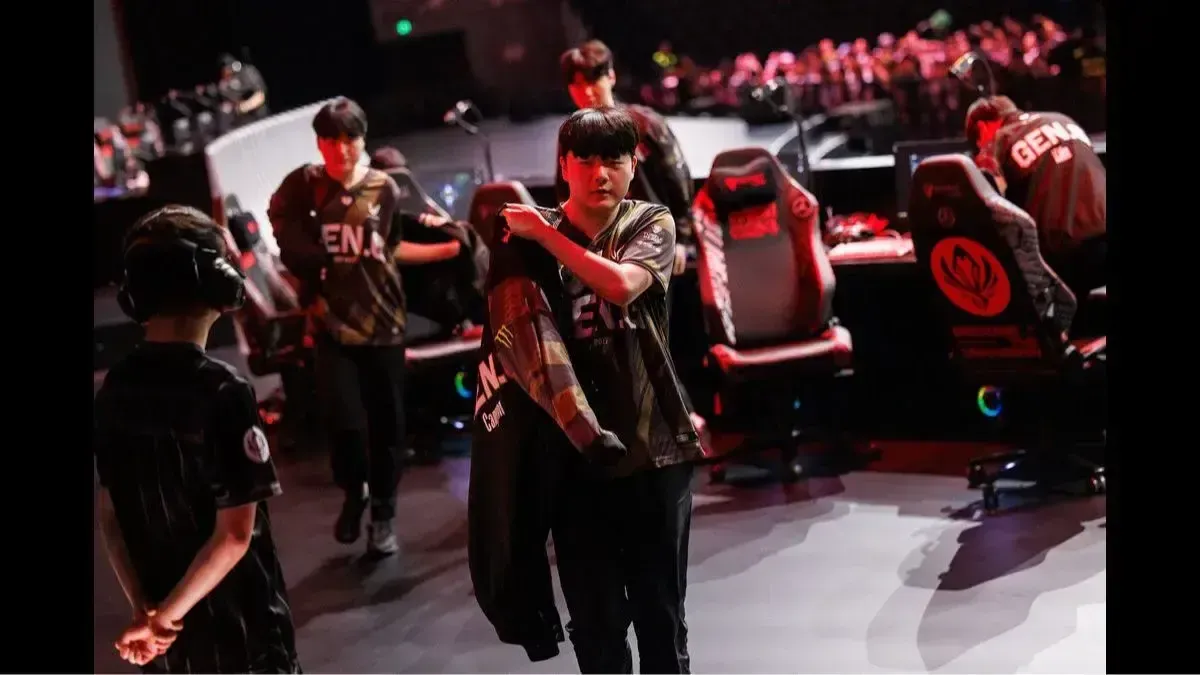 Gen.G Esports became the first MSI grand finalist.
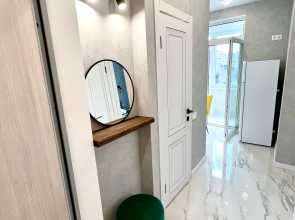 Квартира Уютная с большим балконом в новом ЖК Символ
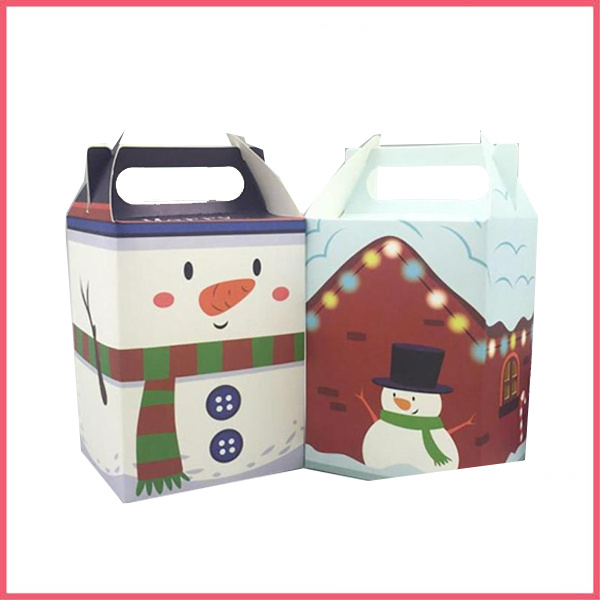 Christmas Paper Box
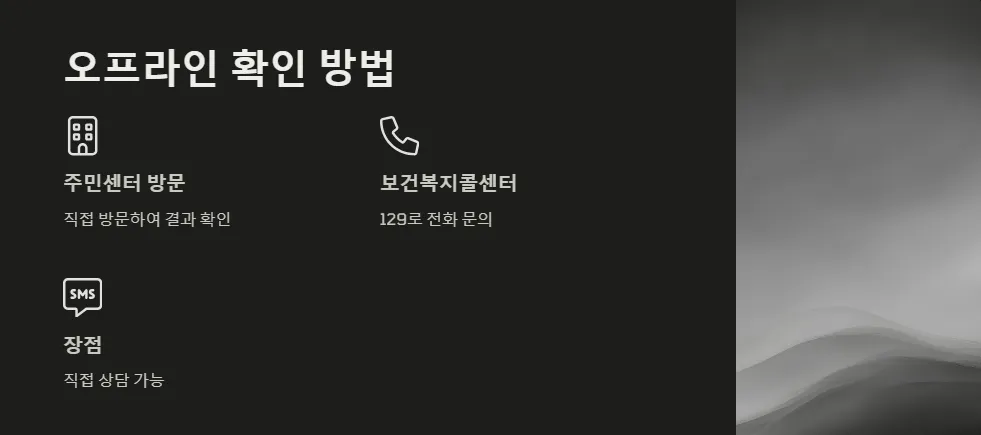 2025년 노인 지원금 신청 결과 확인_3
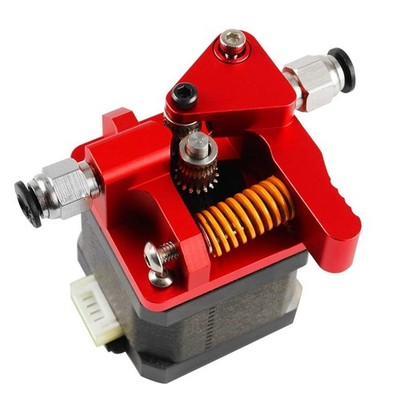 3Dman Dual Gear Extruder Drive Feeder Upgrate for Ender 3 V2, 3... 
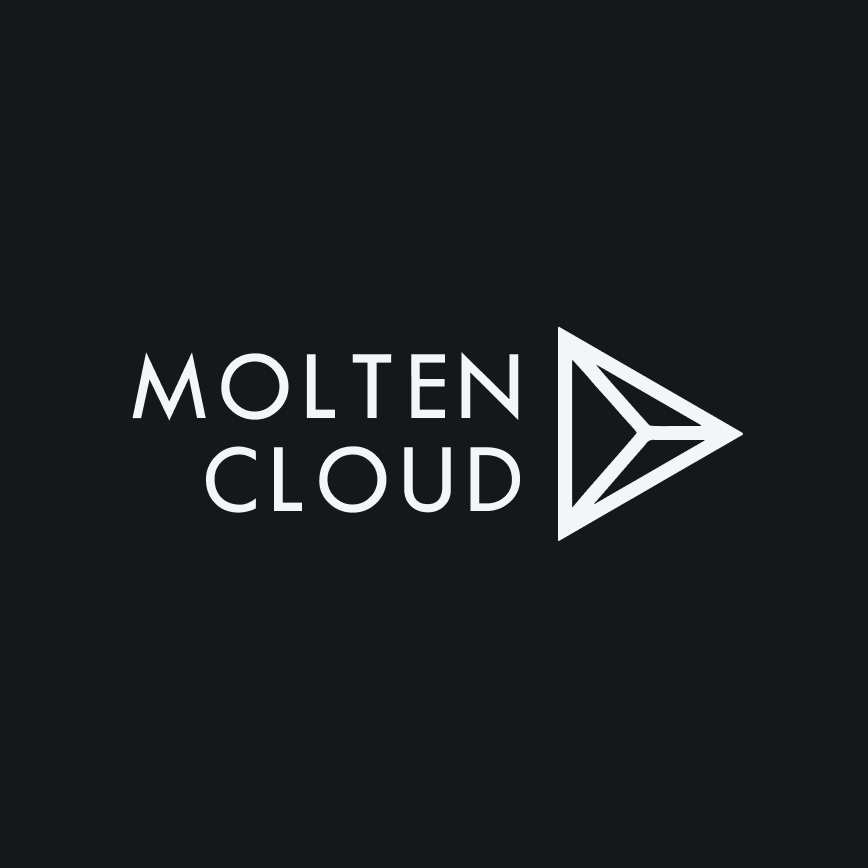 Molten Cloud Logo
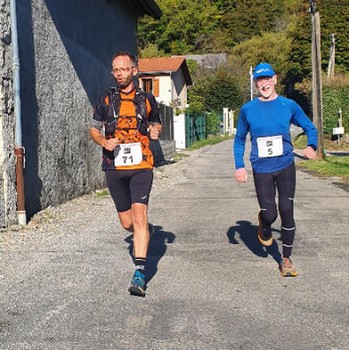 22/10/2023 - Cross du Maïs - 14 km - La Terrasse - Fred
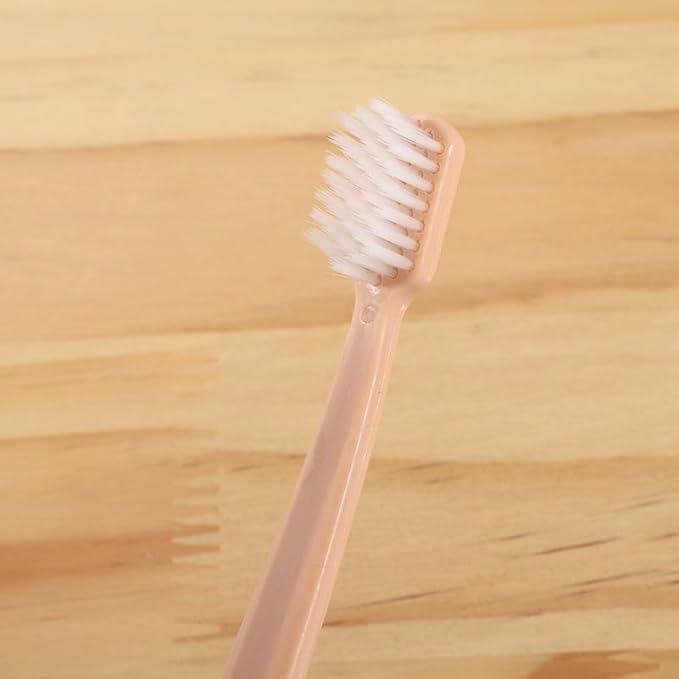 ClearTabs Soft Toothbrush 8 Pack - Ultra Gentle Bristles for Sensitive Teeth & Gums, Eco-Friendly Bamboo Design, Multi-Color Family Set for Daily Oral Care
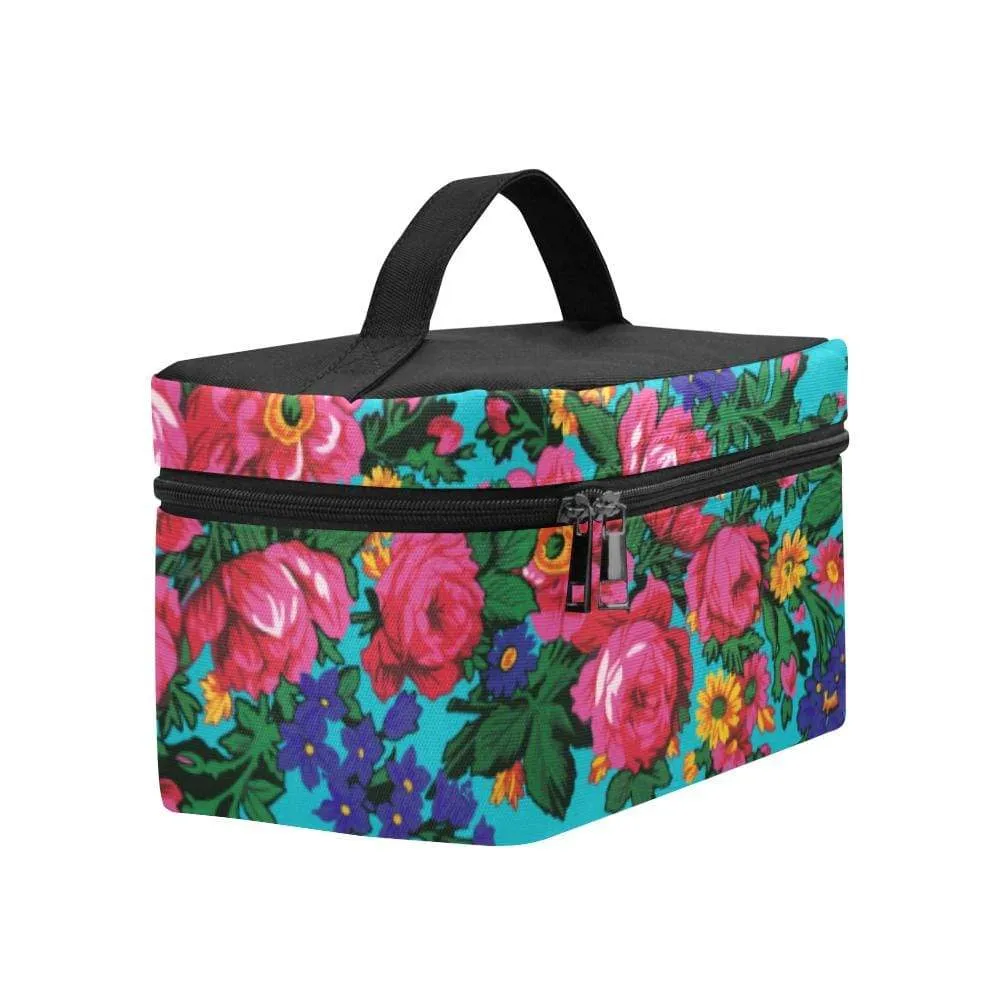 Kokum's Revenge-Sky Cosmetic Bag/Large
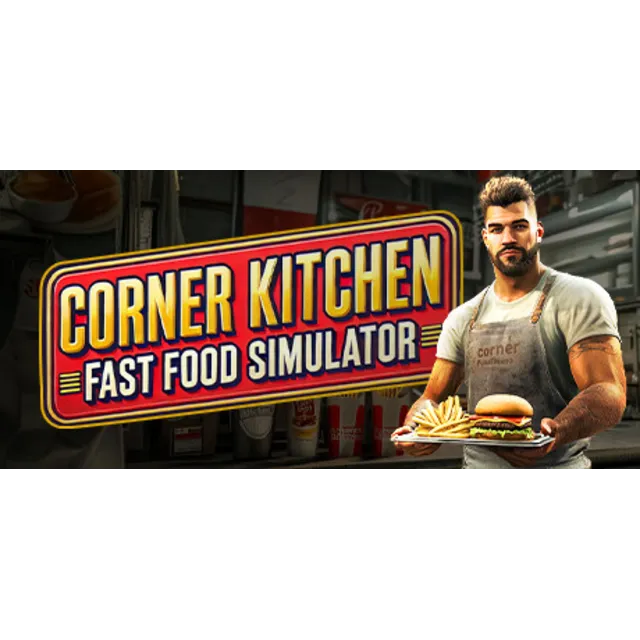 Corner Kitchen Fast Food Simulator 💎 АВТОДОСТАВКА STEAM GLOBAL МГНОВЕННО ЛИЦЕНЗИЯ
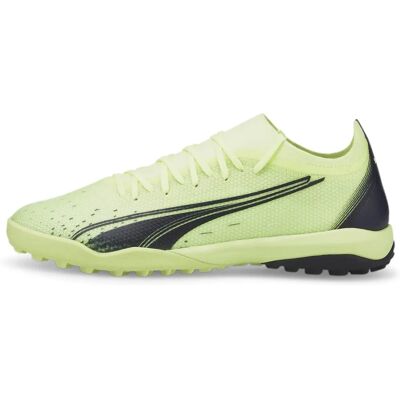 Puma Ultra Match TT Green Synthetic Mens Football Boots - 106903 01 Puma Ultra Match TT Green Synthetic Mens Football Boots - 106903 01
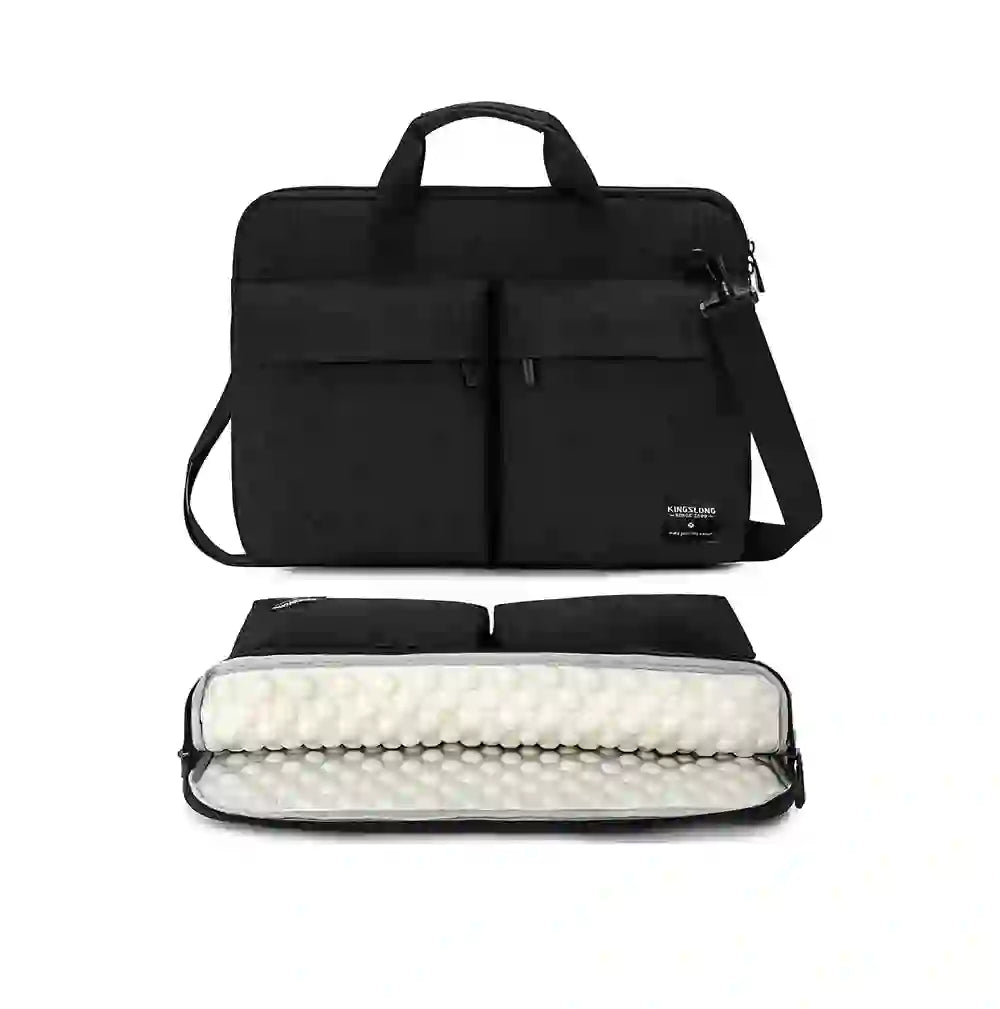 Bolso delgado para computadora portátil KINGSLONG 15,6 pulgadas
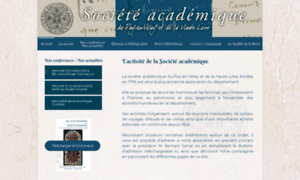 Societeacademique.fr thumbnail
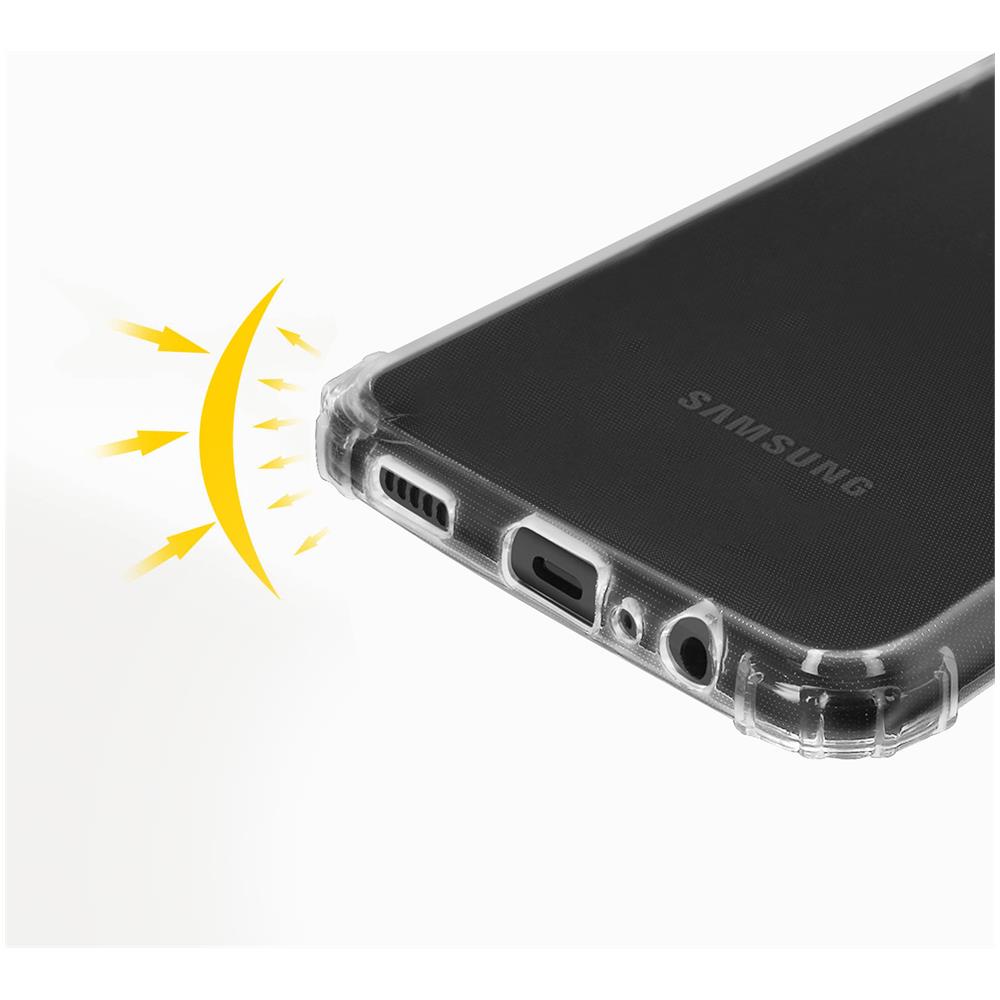 Cover Silicone Morbido Per Samsung A13 5g / A04s Trasparente Angoli Rinforzati - Foto 6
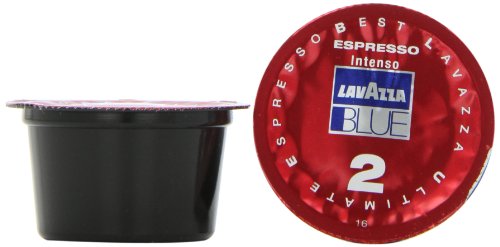Lavazza Blue Espresso Intenso Bi-dose, 40.5-Ounce Boxes (Pack of 100)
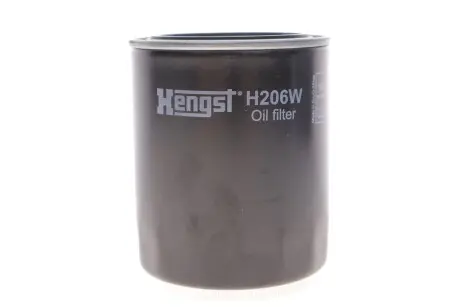Фильтр масляный двигателя TOYOTA (выр-во Hengst) HENGST FILTER H206W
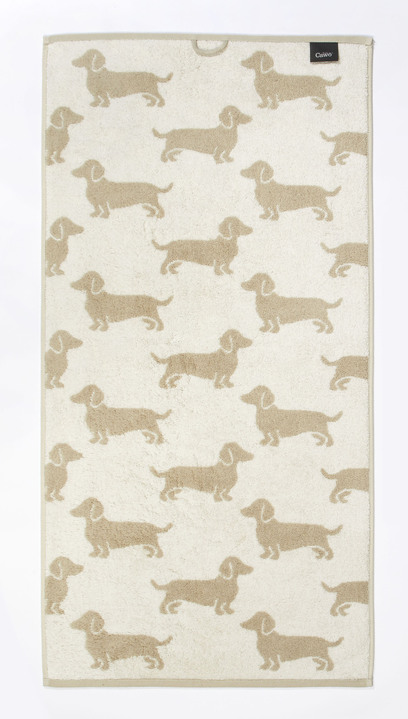 Frottier Handtücher - Frottier-Serie in saugstarker, weicher Baumwollqualität, in Größe 200 (1 Handtuch, 50x100 cm) bis 204 (1 Duschtuch, 80x150 cm), in Farbe BEIGE Ansicht 2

□ □ □ □ □ □ □

What you are asked to do – Excluding pictures, print all lines above exactly.

Result –
 Gen.G Esports became the first MSI grand finalist.
 Квартира Уютная с большим балконом в новом ЖК Символ
 Christmas Paper Box
 2025년 노인 지원금 신청 결과 확인_3
 3Dman Dual Gear Extruder Drive Feeder Upgrate for Ender 3 V2, 3... 
 Molten Cloud Logo
 22/10/2023 - Cross du Maïs - 14 km - La Terrasse - Fred
 ClearTabs Soft Toothbrush 8 Pack - Ultra Gentle Bristles for Sensitive Teeth & Gums, Eco-Friendly Bamboo Design, Multi-Color Family Set for Daily Oral Care
 Kokum's Revenge-Sky Cosmetic Bag/Large
 Corner Kitchen Fast Food Simulator 💎 АВТОДОСТАВКА STEAM GLOBAL МГНОВЕННО ЛИЦЕНЗИЯ
 Puma Ultra Match TT Green Synthetic Mens Football Boots - 106903 01 Puma Ultra Match TT Green Synthetic Mens Football Boots - 106903 01
 Bolso delgado para computadora portátil KINGSLONG 15,6 pulgadas
 Societeacademique.fr thumbnail
 Cover Silicone Morbido Per Samsung A13 5g / A04s Trasparente Angoli Rinforzati - Foto 6
Lavazza Blue Espresso Intenso Bi-dose, 40.5-Ounce Boxes (Pack of 100)
Фильтр масляный двигателя TOYOTA (выр-во Hengst) HENGST FILTER H206W
 Frottier Handtücher - Frottier-Serie in saugstarker, weicher Baumwollqualität, in Größe 200 (1 Handtuch, 50x100 cm) bis 204 (1 Duschtuch, 80x150 cm), in Farbe BEIGE Ansicht 2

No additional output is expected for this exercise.